The average enterprise has multiple instances of SAP applications, but three technology trends are contributing to the consolidation of SAP software.
By Michael Vizard
SAP applications are often the most mission-critical and, simultaneously, the most vexing to manage in the enterprise.
In fact, a global survey of 225 CIOs released this week by the consulting firm HCL Enterprise Application Services (EAS) finds that IT organizations have, on average, five separate instances of SAP operating across their business. And 39 percent say they are running in excess of six instances. The findings also show that the average annual cost per user of running SAP is $1,518.
By moving to a single instance of SAP, large enterprises could potentially earn savings of up to 25 percent, which HCL EAS contends could save large enterprises nearly $30 billion.

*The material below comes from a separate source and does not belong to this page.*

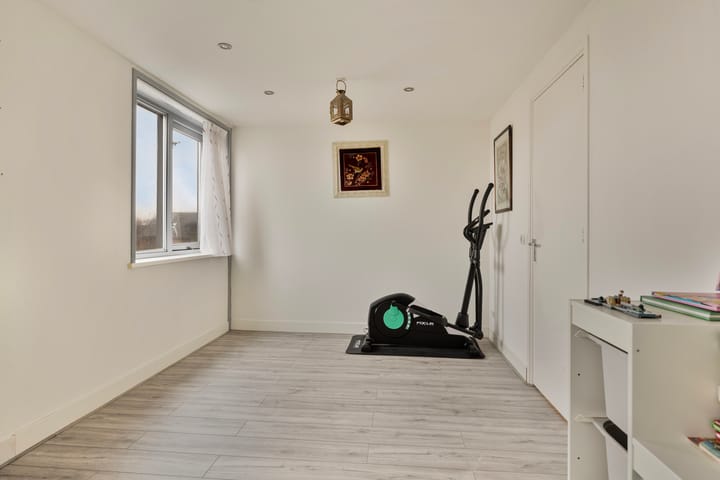 Photo 34 of Perzikkruidkade 16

HCL EAS president Steve Cardell says that so many instances of SAP exist in organizations because most of them have found it more expedient to integrate them than to try consolidating them. Over the long term, however, the lack of consolidation ends up being a much more expensive proposition due to the cost of the SAP licensing fees.
"A lot of organizations think it's cheaper to integrate using a lot of surrounding technology than it is to go to a single instance of SAP," says Cardell.

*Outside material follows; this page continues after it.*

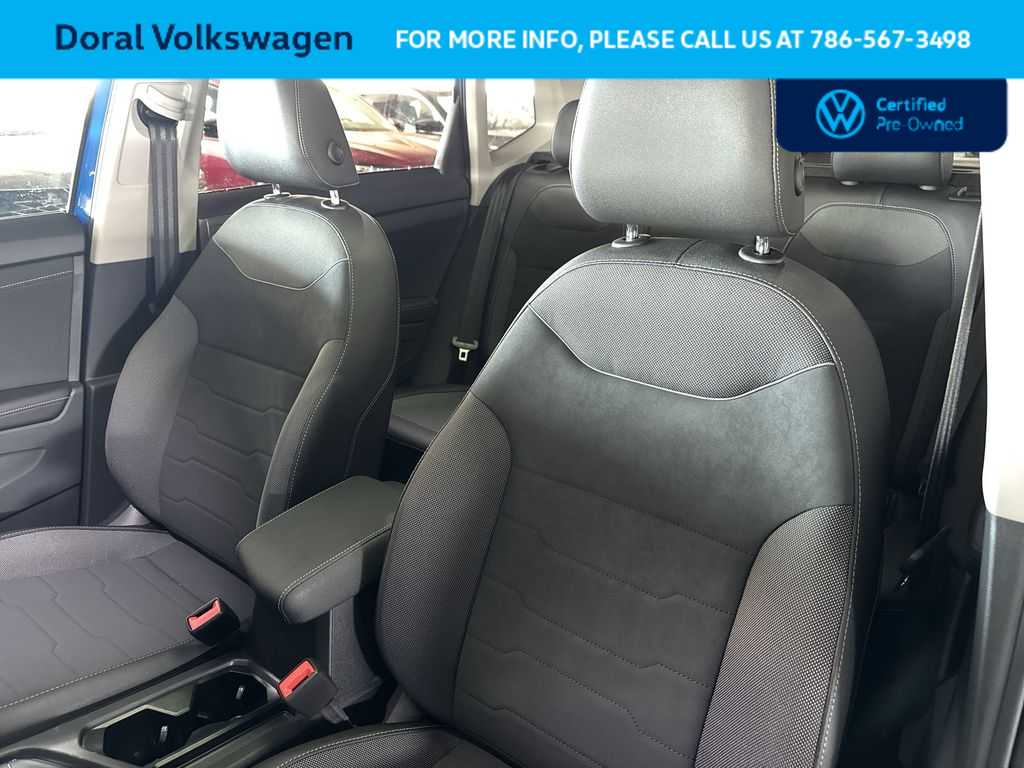 Thumbnail: 2025 Volkswagen Taos - 14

As a result, there are not only many instances of SAP software in a single organization, but a lot of organizations are still running older versions of SAP software. The HCL EAS research found that the latest version of SAP, ECC 6, is being used by just 37 percent of organizations, while 54 percent are using ECC 5 and 44 percent are using SAP 4.7.
Josh Greenbaum, principal of Enterprise Applications Consulting, adds that more often than not the decision has less to do with actual economics and a lot more to do with fiefdoms within an organization. "There's a lot of politics involved," he says.

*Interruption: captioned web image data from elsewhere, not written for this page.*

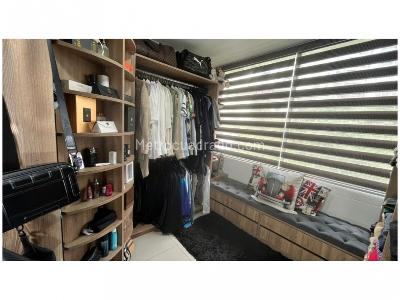 Apartamento de 2 alcobas en venta en El Poblado, Medellín, 78 m² · foto 9 de 14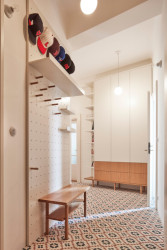 Dominantou chodby je na míru vytvořená barevná dlažba. (Rekonstrukce bytu na Letné; 0,5 Studio)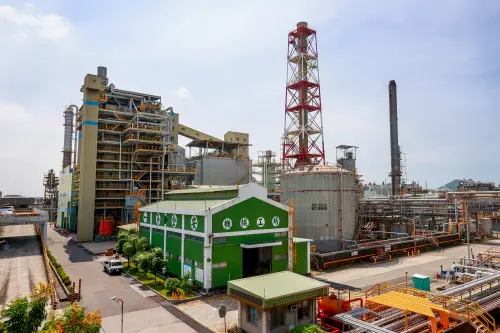 國喬石化產業轉型升級　積極拓展跨界應用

However, there are three trends simultaneously coming together that will make a strong case for consolidating instances of SAP applications.
The first is the rise of the SAP HANA in-memory computing platform, which makes it more cost effective to support a much larger pool of users per instance of SAP. In fact, the HCL EAS survey found that more than three-quarters of CIOs say they plan to or have already deployed in-memory computing technology.
The second trend is cloud computing, which allows organizations to shift the focal point of their SAP application deployments to a single instance that can run on a virtual private cloud or a public cloud. The HCL EAS survey found that 73 percent of CIOs say that they have implemented cloud services in some manner, and 74 percent say that SAP technology would play a significant role.
The third trend is the rise of mobile computing, which is a lot easier to support via a single instance of the cloud. For example, prior to rolling out its mobile computing strategy, Vodafone consolidated all its instances of SAP application software.
"As an organization, we grew very fast," says Niall O'Sullivan, group operating finance director for Vodafone. "But, without one version of SAP, rolling out mobile computing applications to 85,000 internal users would have been much more difficult."
The HCL EAS survey found that 93 percent of CIOs are planning to or already have a mobility strategy. Of those surveyed, more than half say SAP technology would be the cornerstone of their mobility strategy.
A fourth way to reduce instances of SAP applications, of course, is to transform the entire IT organization.
"We're going to go through a major transformation of how we use SAP core applications over the next 18 months to two years," says Phil Greenwood, CIO of Nestle Nespresso SA.
While it is clear there has been a fair amount of stagnation across SAP environments in recent years, it's now also clear that a combination of economic and technology trends are converging in a way that will ultimately force the issue of SAP application consolidation.